Sendo Jesus o modelo para o comportamento e ação da igreja no mundo e em relação aos seus, talvez seja momento de repensarmos a nossa caminhada. Jesus mostrou que mesmo um líder pode voltar às lides ministeriais, pois o perdão de Cristo (que deveria ser sempre aplicado pela igreja) é o perdão restaurador. O Dr. Shedd mais adiante ainda enfatiza:

“Há pecado tão grave que a igreja não é capaz de perdoar e esquecer até o ponto de repor o líder iníquo no seu antigo lugar privilegiado de ministério. Mas tal não foi o caso de Jesus ao manejar a restauração de Pedro. Nenhum dos evangelhos diminui a seriedade da apostasia de Pedro. Se tivesse negado uma vez, ainda vai, mas três vezes, e isso com juramentos e maldições (Mt 26:74), nos levaria a perder a esperança. Mas o olhar de Jesus fixado em seu discípulo o abalou por completo.

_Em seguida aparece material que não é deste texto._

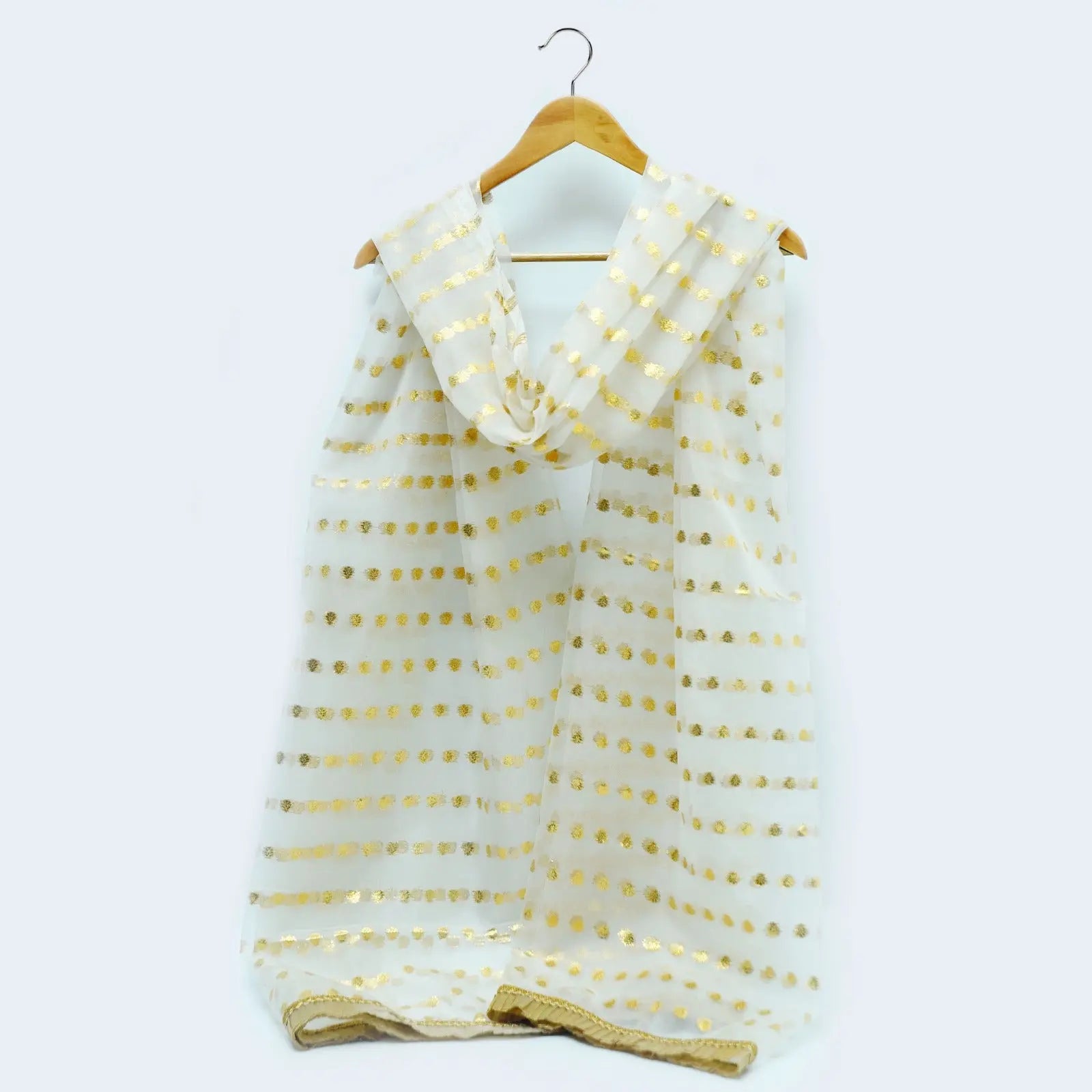 Nylon Organza Golden Bindi Dyeable Dupatta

Então Pedro, saindo dali, chorou amargamente (Lc 22:62). Esse sinal de profundo arrependimento foi suficiente para Jesus.”

O arrependimento sincero também não deveria ser suficiente para a igreja ao aplicar a disciplina aos seus que caem, líderes ou não? Não foi assim que fez Jesus? Será que não é nossa responsabilidade reproduzirmos Jesus em nossa caminhada como igreja Sua?